I fell asleep in crispy fresh sheets.


It was 6:57am when I woke up. Three minutes before my alarm would have rang my ears off. It is such an annoying alarm but the very annoyance of it is what wakes me up. I guess my body is responding appropriately to the annoyance by waking up a little before the noise is triggered by the changing of the time, so it can avoid the screeching awful sound of it. It's a new week and a short one at that because on Thursday night I fly out for the long weekend. I decided that's not an excuse to slack off on my goals so up until Thursday, we continue with the regular scheduled programming. It's only 13 degrees celsius outside this morning and the very thought of that sent a shiver down my spine. Fall really is coming. I put on my workout set and an extra layer for warmth and I head on outside. Whether I want to or not, we are moving our bodies today. It feels good to get out this early in the morning and crush some goals. I started a little fitness competition last week with a colleague from work and now, all of the sudden I am a fitness girly who goes on morning walks and afternoon runs. Who would've thought?

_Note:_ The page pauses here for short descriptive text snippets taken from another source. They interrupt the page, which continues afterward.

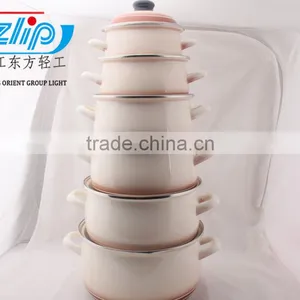 6 Pcs High Casserole Straight Shape W/Hollow Handle & Metal Cover Decor thumbnail-1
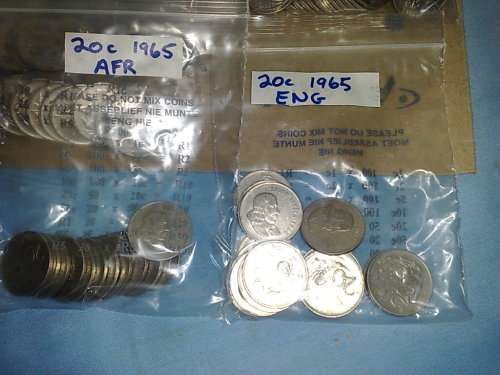 RSA-HUGE LOT OF 20C PIECES,SOME 1965 ENG and AFR-INCLUDED-SOME UNC-OVER 600 PIECES EXTIMATED
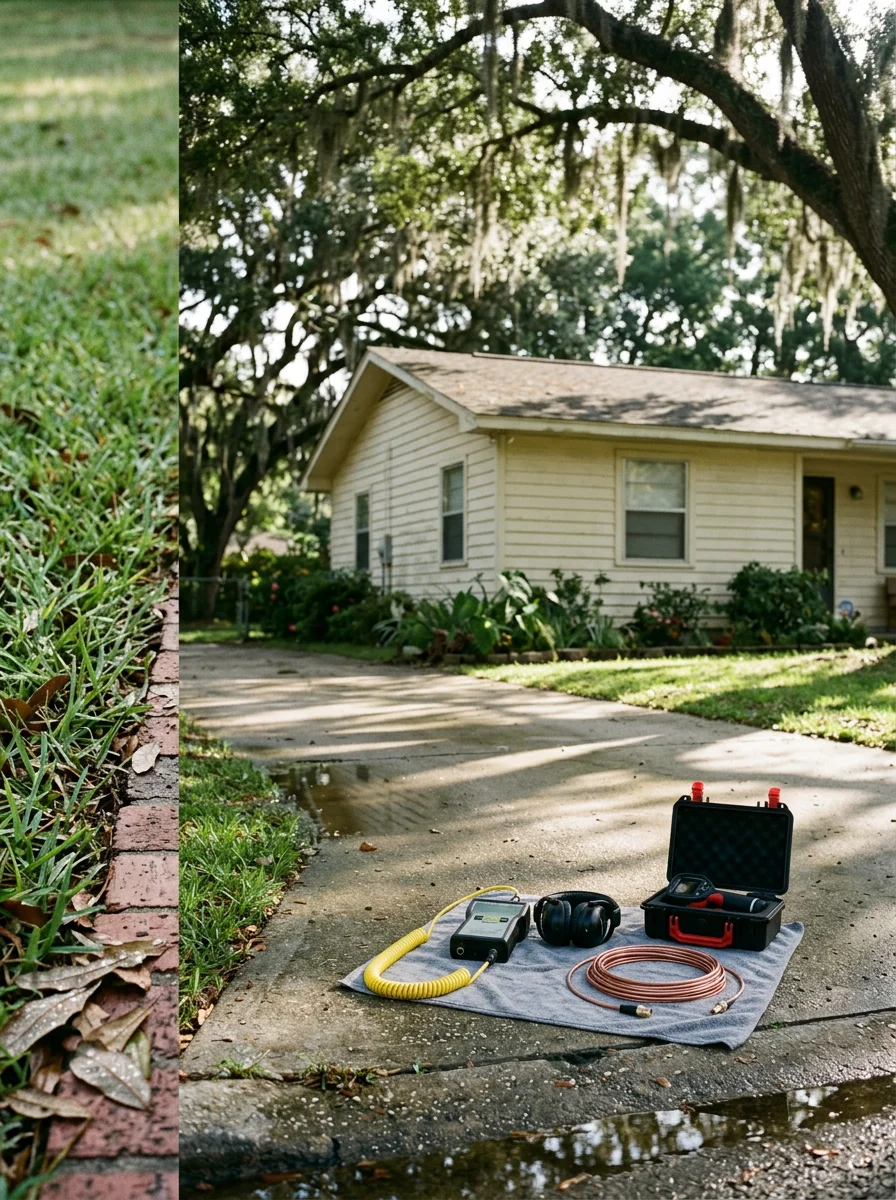 Plumber using leak detection equipment on a slab foundation home in the Bayou View neighborhood of Gulfport, MS.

By the time I get back, I am sweaty. The thing about my neighbourhood is that I live on a hill and the way down is great but to get back home, I have to walk uphill and that is not so great. We're doing it for the gains though as they say. Something still doesn't align. I still don't feel fulfilled and I don't think that's fitness related necessarily.

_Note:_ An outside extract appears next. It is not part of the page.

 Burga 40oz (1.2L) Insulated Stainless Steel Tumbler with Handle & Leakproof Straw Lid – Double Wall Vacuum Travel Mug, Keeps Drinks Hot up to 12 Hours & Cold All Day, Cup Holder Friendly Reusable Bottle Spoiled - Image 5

You know, I will often think about what could have been. What could have happened if only I had the same mentality then that I do now. Would things be different? Would we be different? I got asked a couple of difficult questions over the weekend that I'm not sure I fully flushed out within my own head so I figure it might be nice to write. To let the thoughts formulate as the words hit the page.


"Do you feel stuck?"

Not at all. Life has been looking up lately and it feels nice.

Yes. I didn't admit that though. I said no. Of course I feel stuck. I think about that probably more than I should.


"Do you have someone special in your life?"

Not at the moment. Haven't in a while and that's okay. I didn't dive deeper into it though, people tend to give off a feeling of pity when you admit that you are doing life on your own, despite nothing really being wrong with that. I changed the subject. How are you guys doing?


"How's work going?"

It's great, I've been taking on a lot of responsibilities and my pay increases reflect it. I often think about being literally anywhere but where I am. I don't dislike my job but I simultaneously don't feel fully satisfied. I wonder if everyone else feels the same and it's just a feeling you learn to internalize over time. Do people just become complacent with dissatisfaction or do they usually do something to change it?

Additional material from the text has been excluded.